- PROVIDED MATERIAL
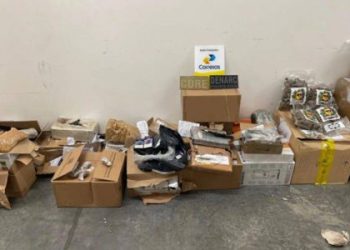 Polícia Civil apreende R$ 160 mil em drogas e cigarros eletrônicos na sede dos Correios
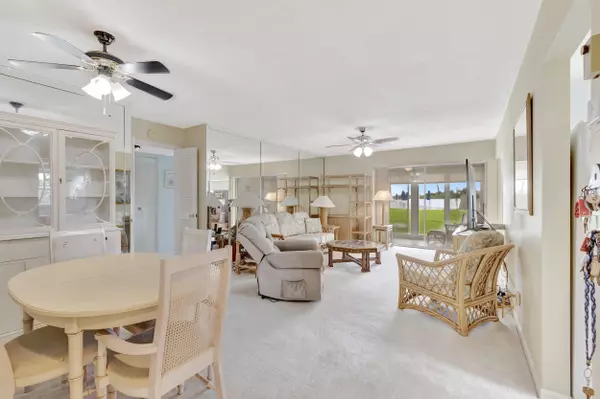 Boynton Beach, FL 33435,6 Colonial Club DR 104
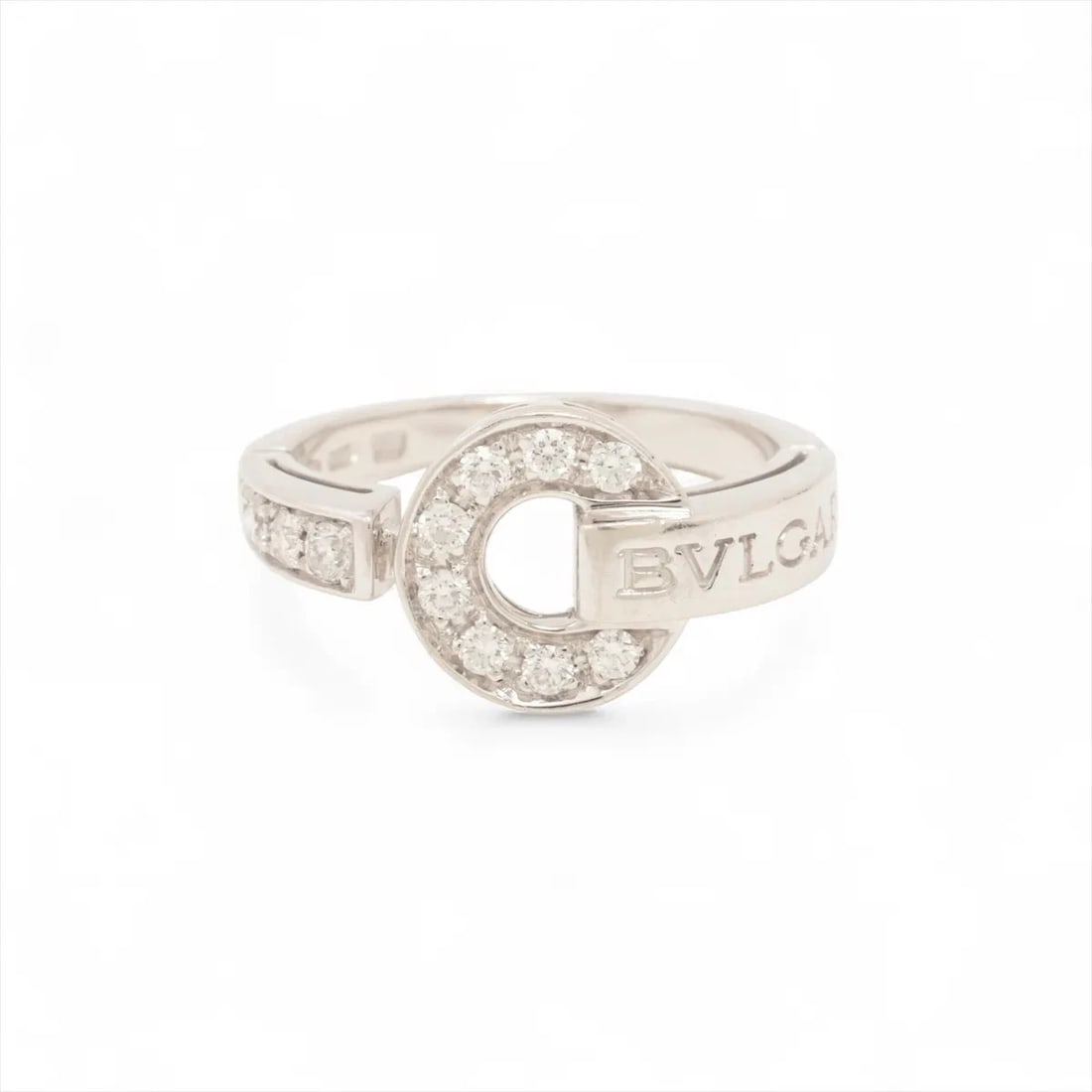 BVLGARI BVLGARI BVLGARI DIAMOND RING 750(WG): Bvlgari Bvlgari Bvlgari diamond Ring 750(WG) Brand: Bvlgari Type/Style: Ring Material: 750(WG), Main Stone/Creation Natural Color: Not Specified Size: 5.5 - 5.75 US Accessories: None Accessories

- WORK TO COMPLETE
Return all the material exactly, skipping pictures.

- OUTPUT FOR THIS EXERCISE
 Polícia Civil apreende R$ 160 mil em drogas e cigarros eletrônicos na sede dos Correios
 Boynton Beach, FL 33435,6 Colonial Club DR 104
 BVLGARI BVLGARI BVLGARI DIAMOND RING 750(WG): Bvlgari Bvlgari Bvlgari diamond Ring 750(WG) Brand: Bvlgari Type/Style: Ring Material: 750(WG), Main Stone/Creation Natural Color: Not Specified Size: 5.5 - 5.75 US Accessories: None Accessories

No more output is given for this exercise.